Things got so bad at one stage that I left home, but I kept going back. My Mum would buy me clothes because all I had was old and unwashed, but then I ended up selling what she bought me. My Mum did not ask me what I did while away from our home, but friends and neighbors commented to her; I know it all hurt her so much.
My Dad was often away from home because of his work. When I was small we lived in Chincha, three hours by bus to the south of Lima, but my Dad was working as a policeman in Lima. When we moved to Lima, we lived in rented houses for a while.
Because Dad was away so much doing extra jobs to cover living and medical costs, we did not have a close family life. I know that he later felt that maybe, because he was not there as much as he would have liked to be, I had not had the stability necessary to help me steer a straight and narrow course. Hopeful and happy at last However, I don’t want to blame Dad for anything; I feel he did the best he could.

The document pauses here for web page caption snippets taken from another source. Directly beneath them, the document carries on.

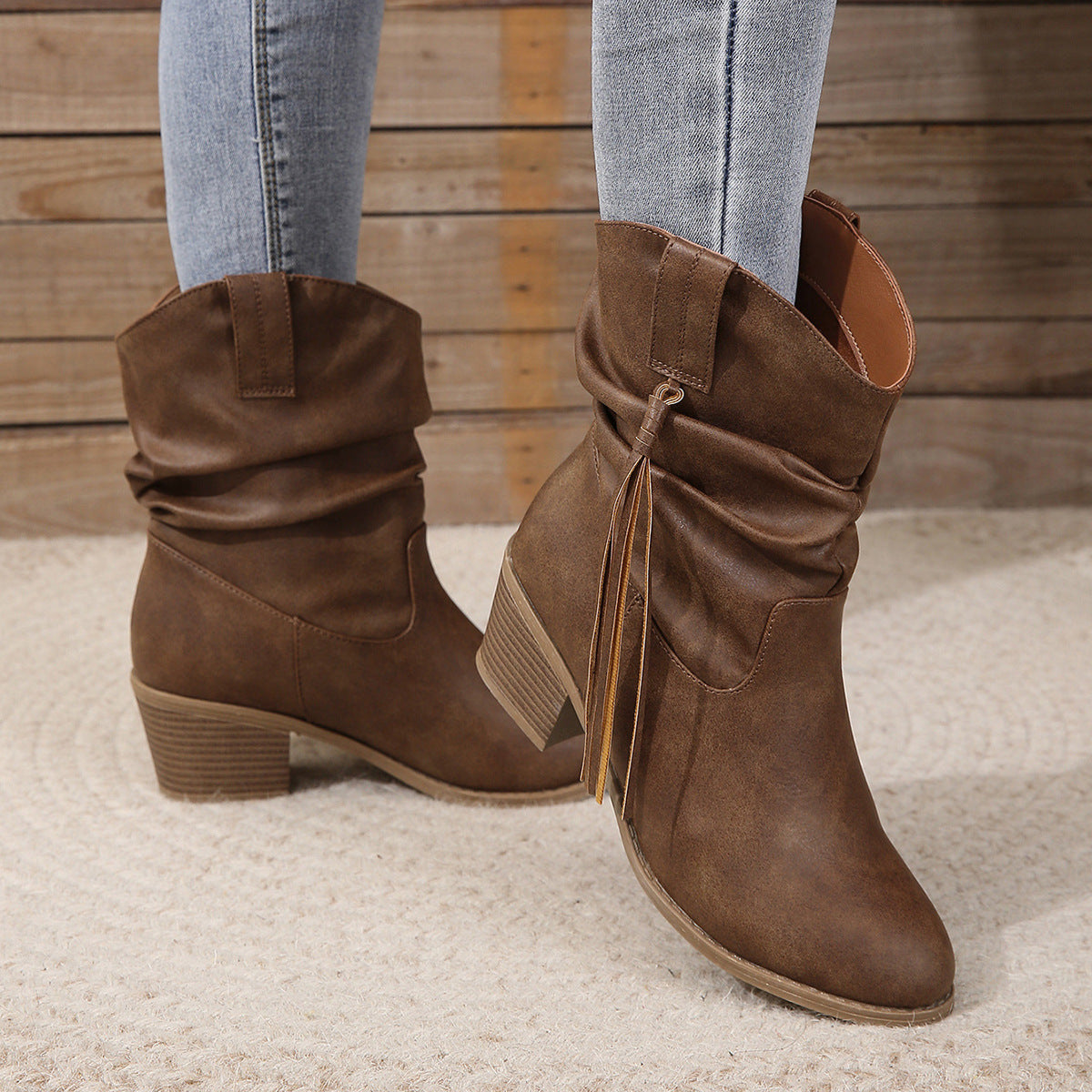 Middle heel boots with pleats middle tube stacked boots with tassels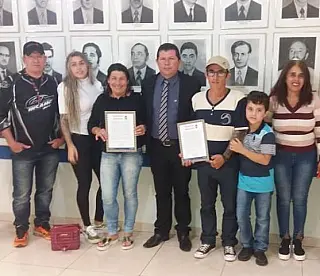 Olavo Sul entrega moções a corredores de rua de Dourados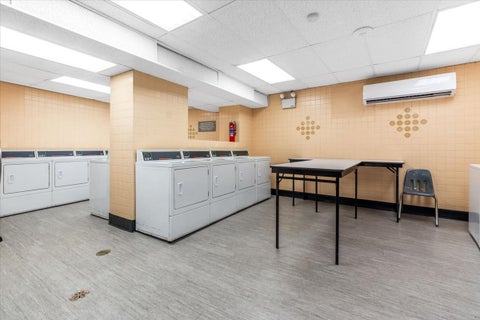 Tiny photo for 940 W Glenlake Avenue #27B, Chicago, IL 60660 (MLS # 12759392)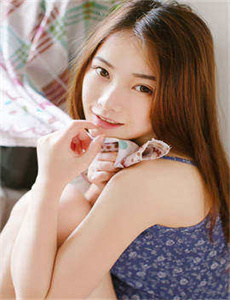《多人野外强伦姧》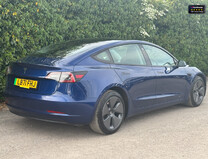 Tesla Model 3 Standard Range Plus Saloon 4dr Electric Auto RWD (241 bhp) 32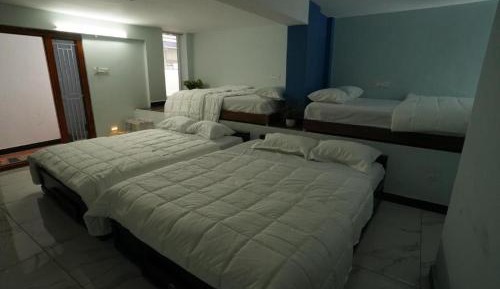 4-Bed Mixed Dormitory Room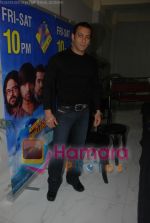 Salman Khan on the sets of Sa Re Ga Ma in Famous on 3rd November 2008 (14).JPG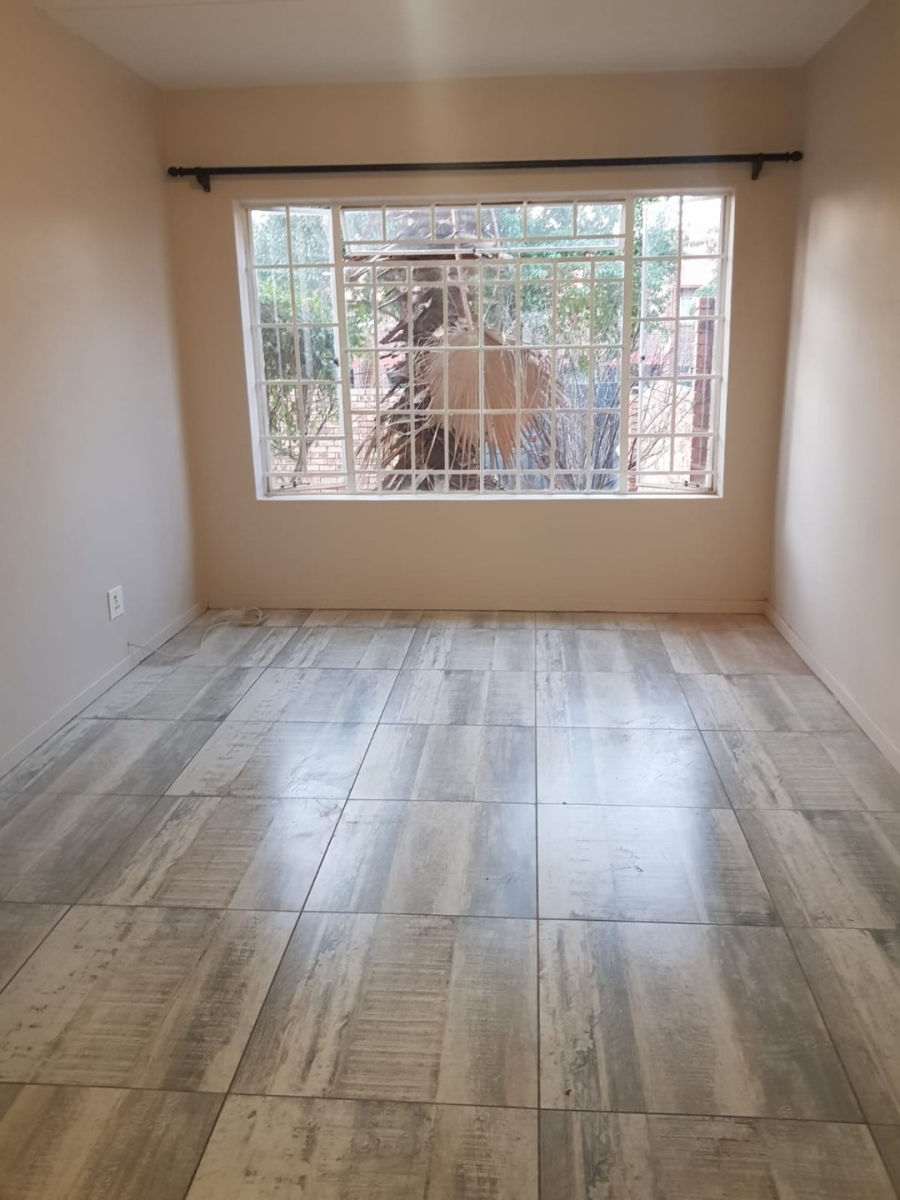 To Let 3 Bedroom Property for Rent in Ifafi North West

After 20 years in the police Dad retired and with his severance pay bought the block of land where we now live. Here we’ve had more of a family life, and I’ve come to know my Dad better. In fact, we have become very close through sharing the trauma associated with my drug addiction problem. He bought me a Bible and a picture of Our Lady, both of which I will always treasure. Dad has become a real friend to me. He is an honest man and also a man of God; he would always to go his Bible study meeting in the parish.
I am now 27 years old and have a reasonably good job selling financial products in a credit union. I feel so grateful to Dad and Mum for hanging in there with me and for Fr. Leo, who in supporting my parents, helped make my recovery possible.